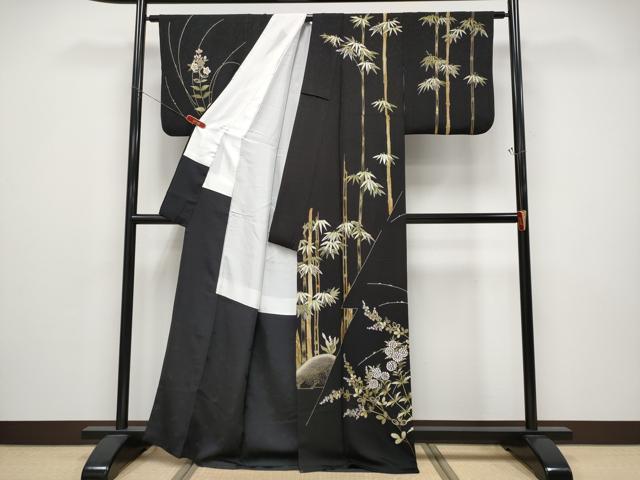 平和屋本店●極上　中国三大刺繍　相良刺繍　総刺繍　訪問着　枝花文　黒地　金糸　逸品　CYAA4821s6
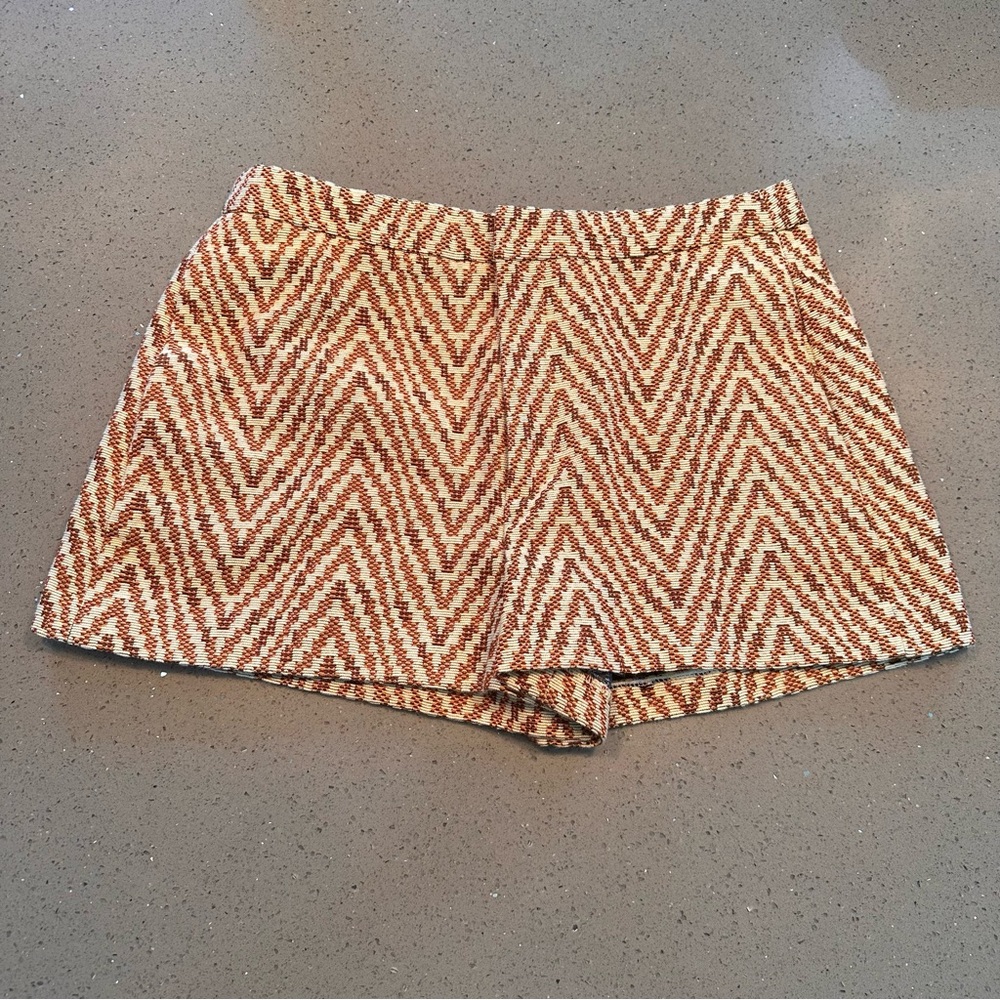 Zara Jacquard Chevron Mini Shorts size XS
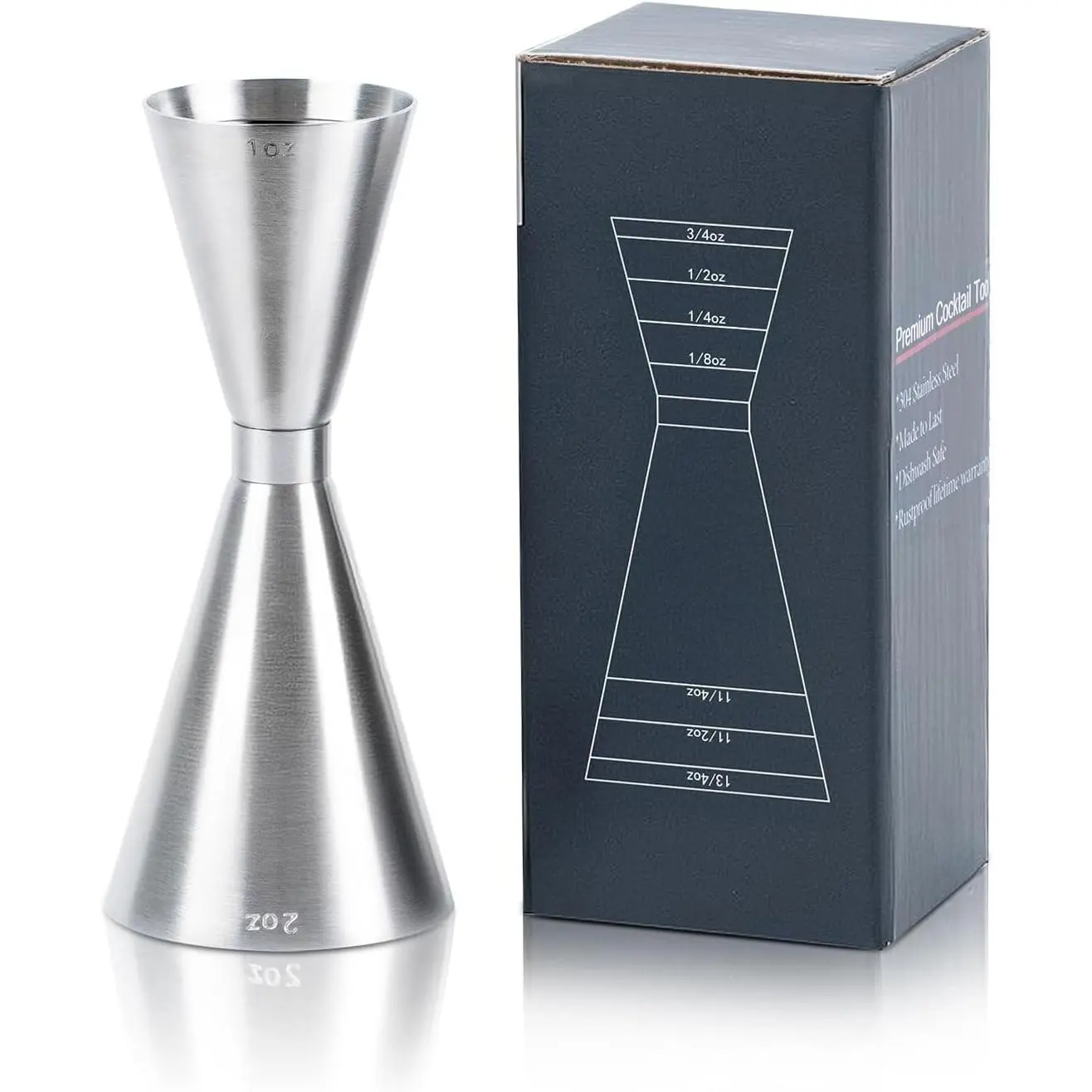 oz/ml Dual Markings Jigger for Bartending, 304 Stainless Steel Heavy Duty Double Cocktail Jigger with 7 Measurements Inside, Japanese Jigger Bar Tool for Bartender Home Bar Party 1 Pack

- - -

Work request: Repeat all the data as it stands, dropping any images it holds.

Response area:
 平和屋本店●極上　中国三大刺繍　相良刺繍　総刺繍　訪問着　枝花文　黒地　金糸　逸品　CYAA4821s6
 Zara Jacquard Chevron Mini Shorts size XS
 oz/ml Dual Markings Jigger for Bartending, 304 Stainless Steel Heavy Duty Double Cocktail Jigger with 7 Measurements Inside, Japanese Jigger Bar Tool for Bartender Home Bar Party 1 Pack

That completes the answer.